ASAN report (segmentation fault occurs also without ASAN):
=================================================================
==6853==ERROR: AddressSanitizer: attempting free on address which was not malloc()-ed: 0x60300000efee in thread T0
0 0x7f2123ee72ca in __interceptor_free (/usr/lib/x86_64-linux-gnu/libasan.so.2+0x982ca)
1 0x410bb8 in ezxml_free ezxml/ezxml.c:821
2 0x4106fd in ezxml_free ezxml/ezxml.c:791
3 0x401808 in main ezxml/test_ezxml.c:102
4 0x7f2123aa582f in __libc_start_main (/lib/x86_64-linux-gnu/libc.so.6+0x2082f)
5 0x4018f8 in _start (ezxml/test_ezxml_asan.exe+0x4018f8)
0x60300000efee is located 14 bytes inside of 17-byte region [0x60300000efe0,0x60300000eff1)
allocated by thread T0 here:
0 0x7f2123ee7602 in malloc (/usr/lib/x86_64-linux-gnu/libasan.so.2+0x98602)

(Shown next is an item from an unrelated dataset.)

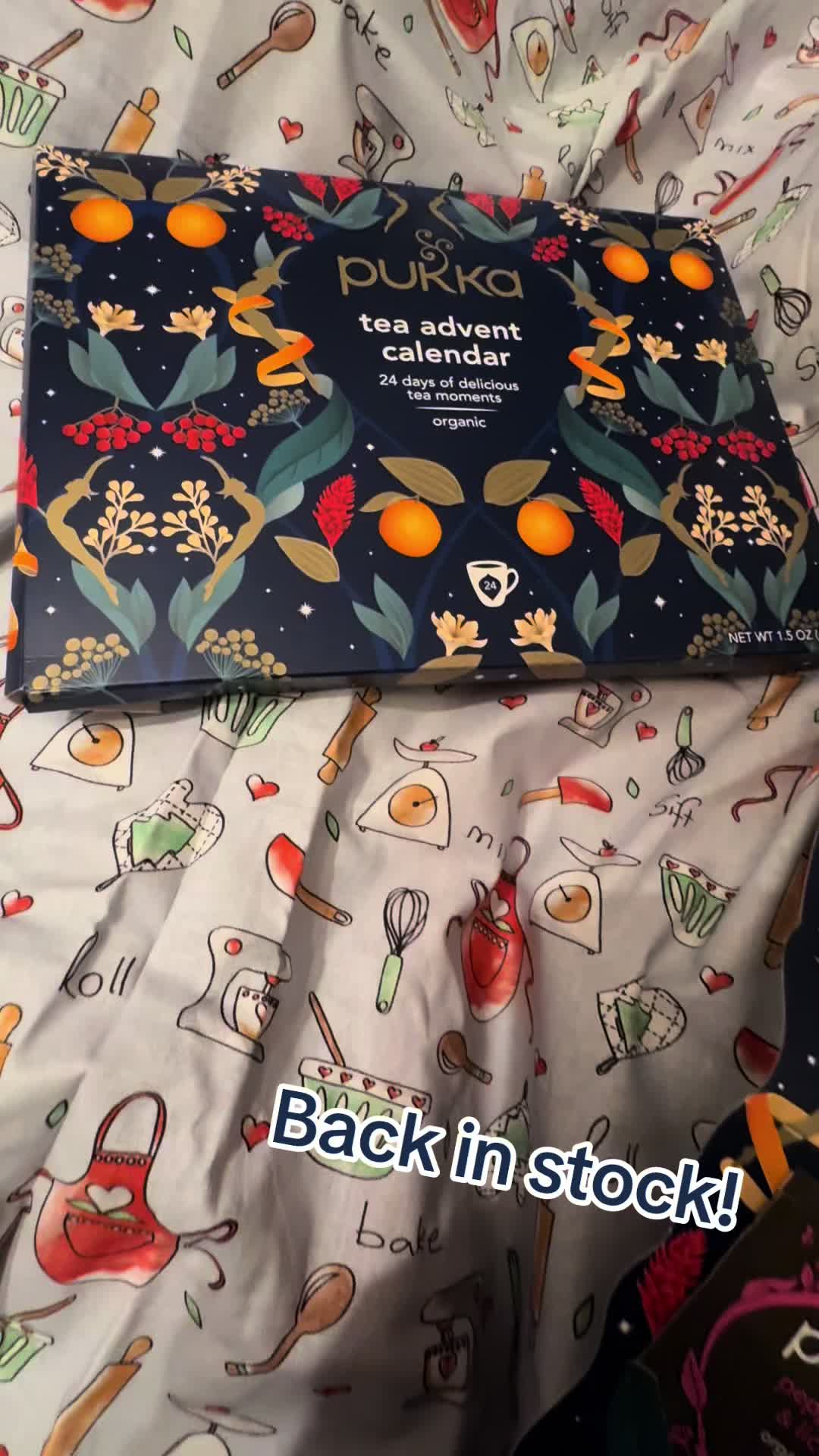 TikTok post by @katherine_loving_life for Pukka Herbs. Caption reads: Such a gorgeous advent calendar from @Pukka Tea .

1 0x4171cc in ezxml_parse_fd ezxml/ezxml.c:646
2 0x4171cc in ezxml_parse_file ezxml/ezxml.c:659
SUMMARY: AddressSanitizer: bad-free ??:0 __interceptor_free
==6853==ABORTING
Reproduction:
Sample XML file leading to crash:
crash_006_bad_free.xml
Code snippet for reproduction:
ezxml_t result = ezxml_parse_file("crash_006_bad_free.xml");
Additional files for reproduction of this crash.
The error occurs due to a bogus character reference that cannot be encoded as UTF-8. The proposed patch checks whether the character can be encoded in 36 bits (the maximum value that can be encoded using the UTF-8 encoding - note: the standard only uses 21 bits).
This fix also resolves CVE-2019-20202 (bug 17) as well as CVE-2021-31598 (bug 28).
Note: The solution as proposed in bug 28 is incorrect. It causes valid XML data to be rejected as well.